» Records for the exercise:
※ ※ ※
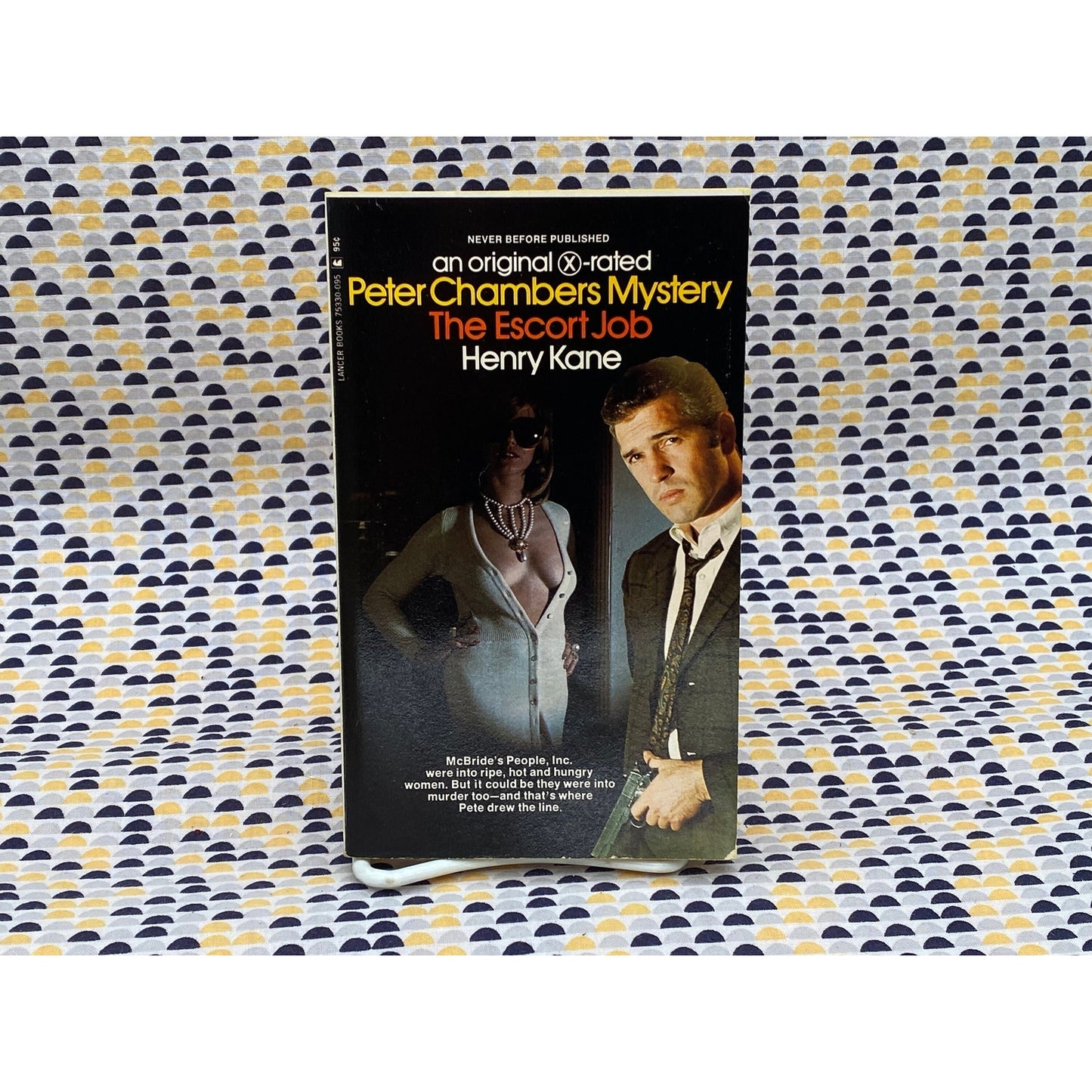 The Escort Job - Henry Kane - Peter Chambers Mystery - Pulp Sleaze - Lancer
※ ※ ※
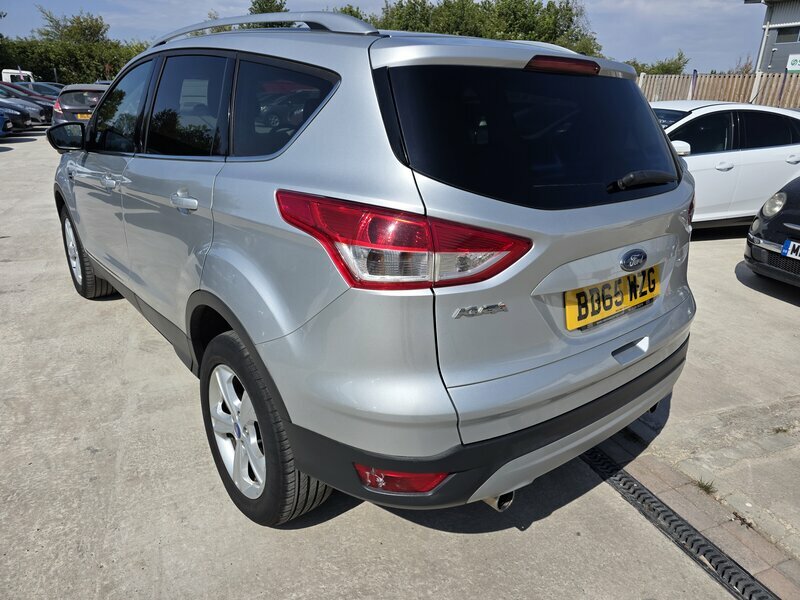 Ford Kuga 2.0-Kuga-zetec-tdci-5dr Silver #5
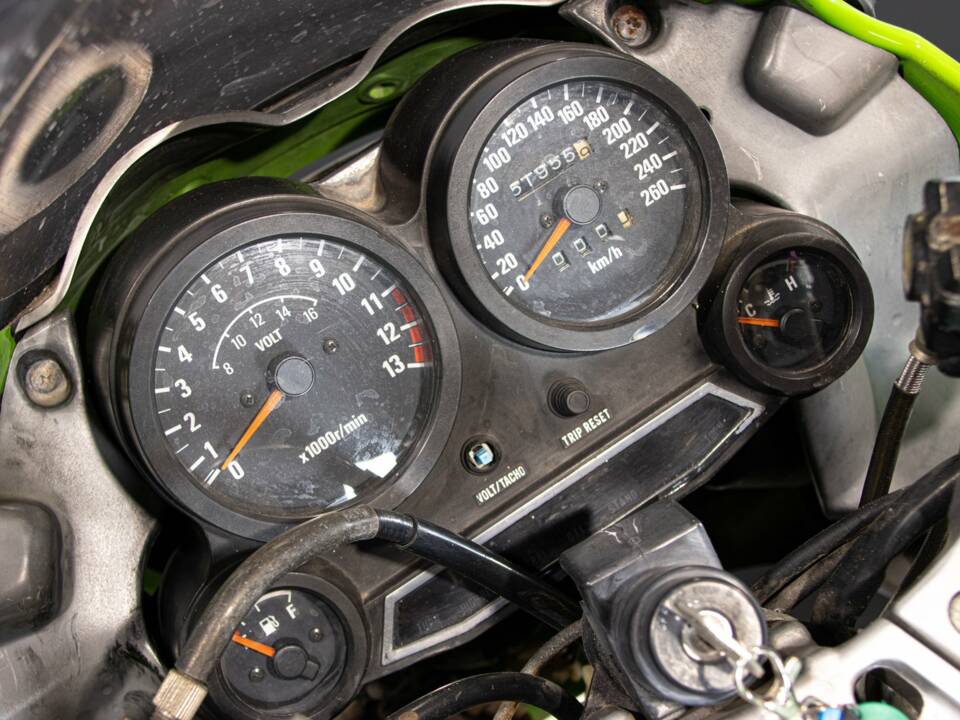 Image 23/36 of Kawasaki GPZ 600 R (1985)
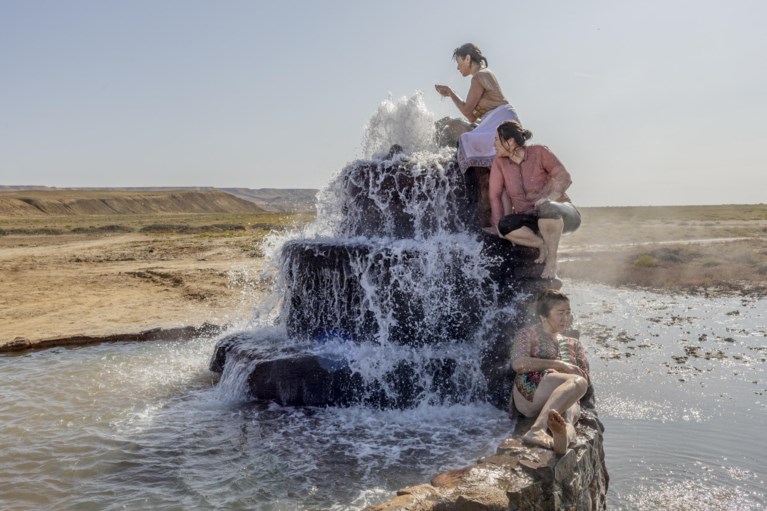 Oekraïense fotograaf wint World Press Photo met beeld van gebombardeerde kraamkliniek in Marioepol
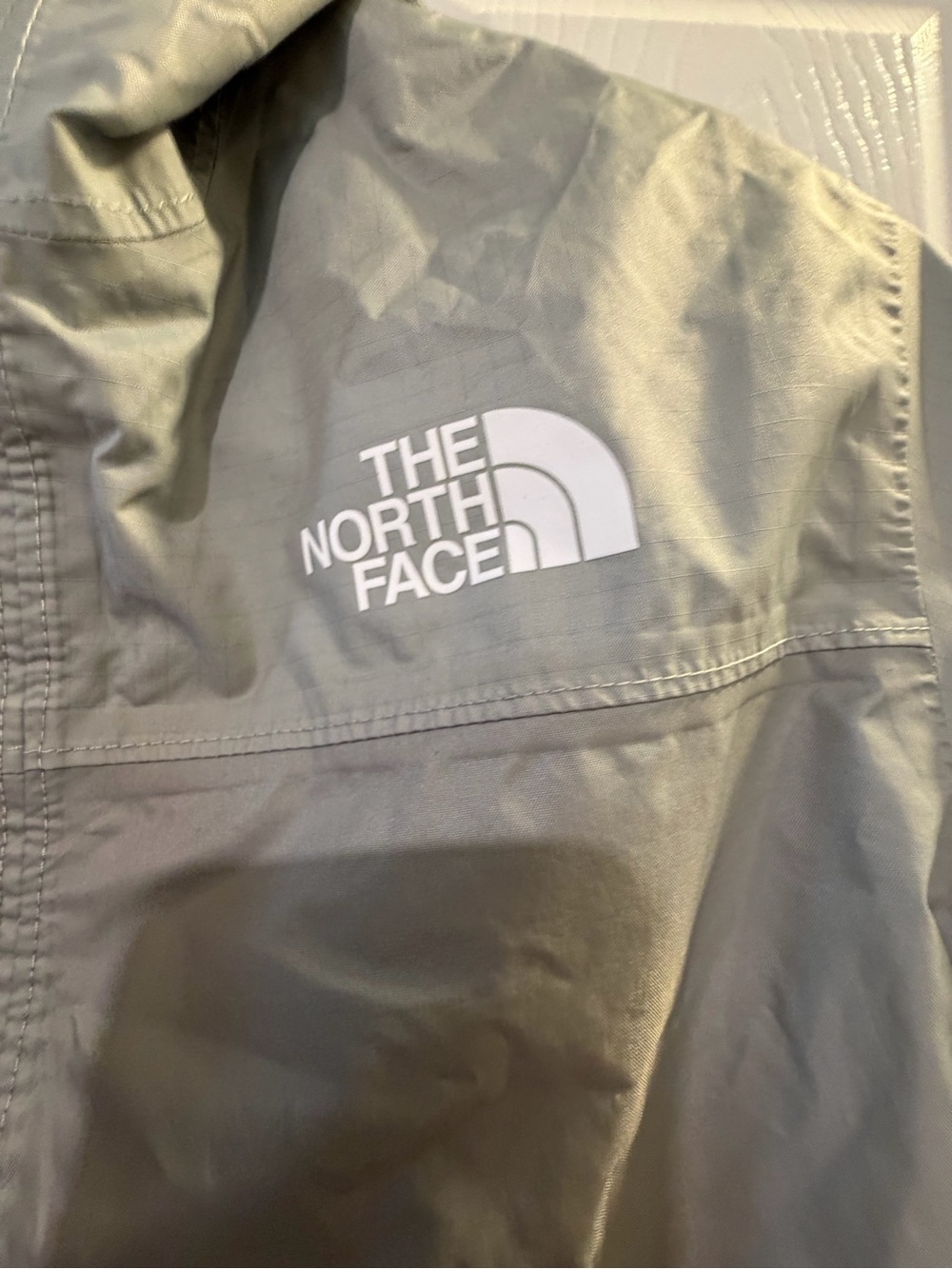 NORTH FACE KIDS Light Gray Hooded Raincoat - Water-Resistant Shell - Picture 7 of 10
※ ※ ※
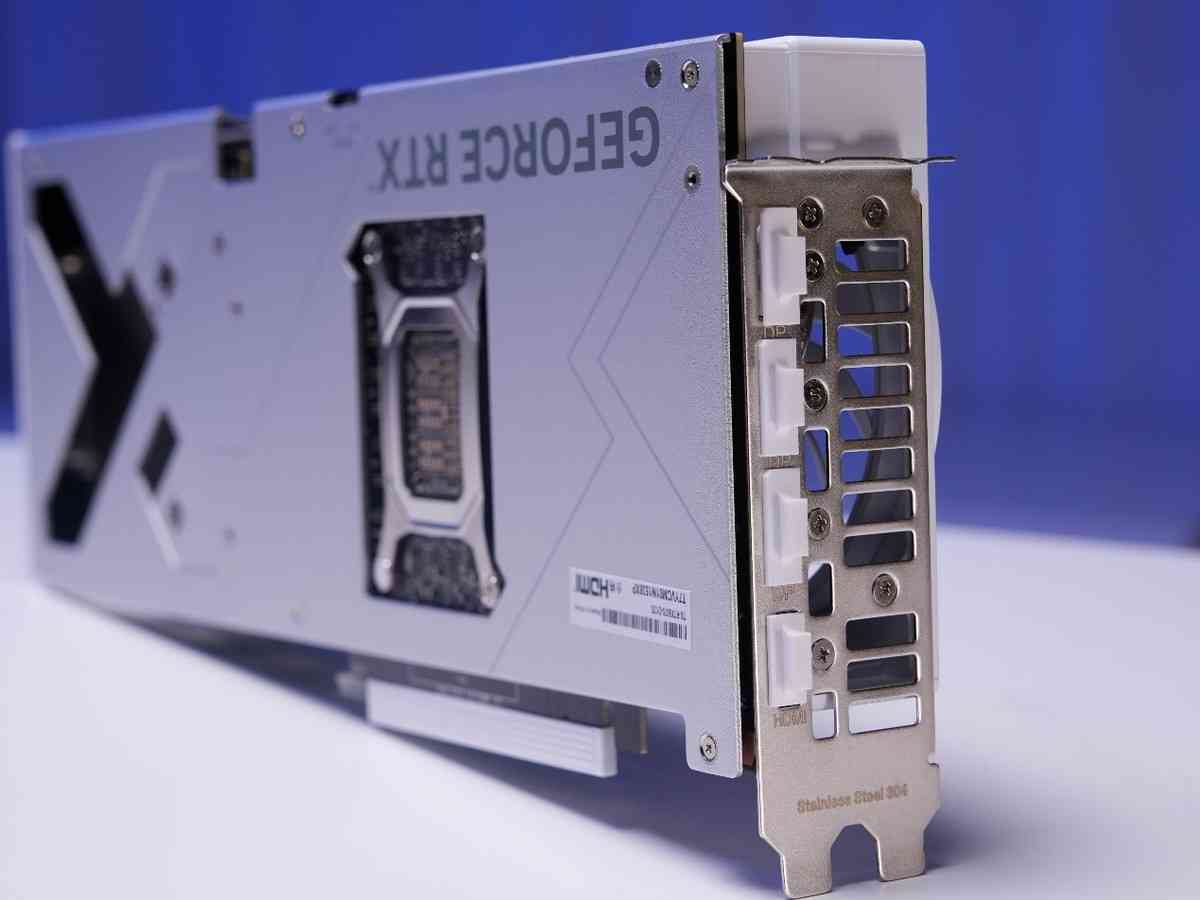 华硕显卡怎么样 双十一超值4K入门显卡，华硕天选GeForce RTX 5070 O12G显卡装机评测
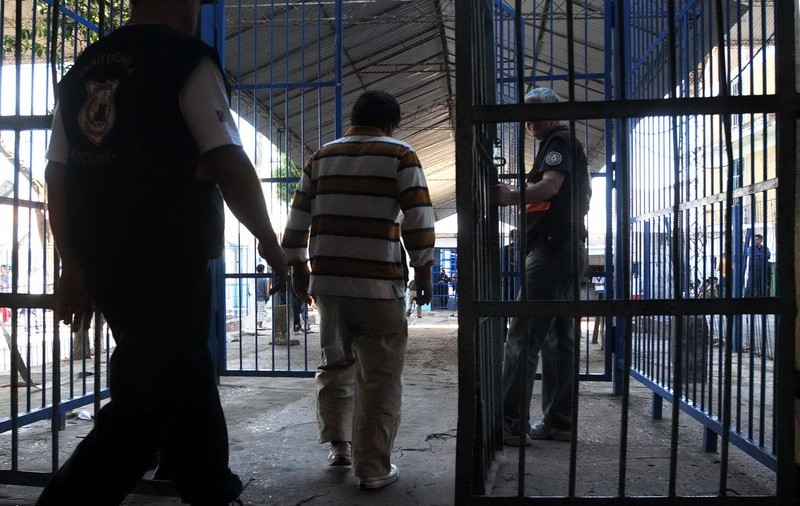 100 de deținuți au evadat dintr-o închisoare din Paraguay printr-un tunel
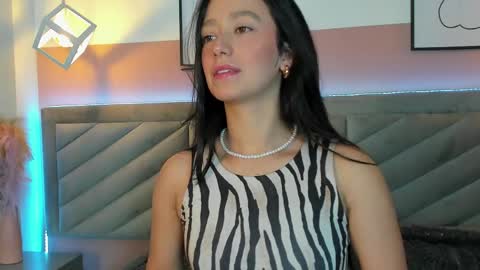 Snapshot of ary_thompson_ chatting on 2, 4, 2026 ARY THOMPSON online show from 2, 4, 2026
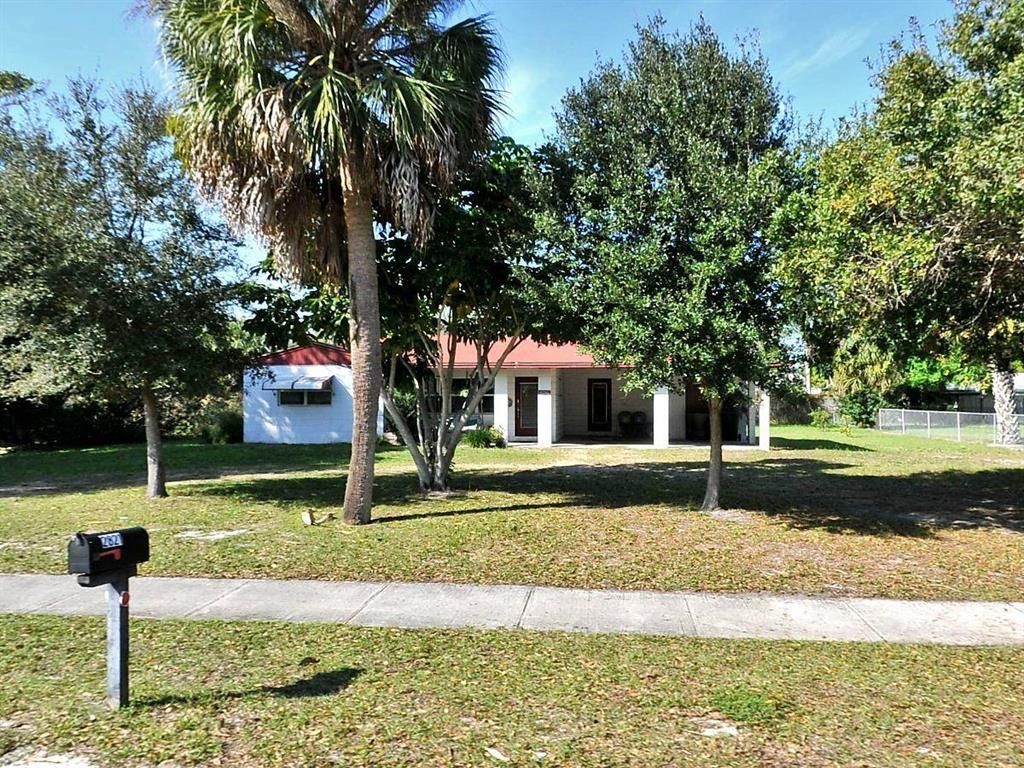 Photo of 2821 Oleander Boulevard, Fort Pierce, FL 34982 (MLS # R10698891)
※ ※ ※
Please transcribe exactly the part of the records that opens with the line containing "华硕显卡怎么样 双十一超值4K入门显卡，华硕天选GeForce RTX" and closes with the line containing "Photo of 2821", both ends included, and leave out the pictures.

 华硕显卡怎么样 双十一超值4K入门显卡，华硕天选GeForce RTX 5070 O12G显卡装机评测
 100 de deținuți au evadat dintr-o închisoare din Paraguay printr-un tunel
 Snapshot of ary_thompson_ chatting on 2, 4, 2026 ARY THOMPSON online show from 2, 4, 2026
 Photo of 2821 Oleander Boulevard, Fort Pierce, FL 34982 (MLS # R10698891)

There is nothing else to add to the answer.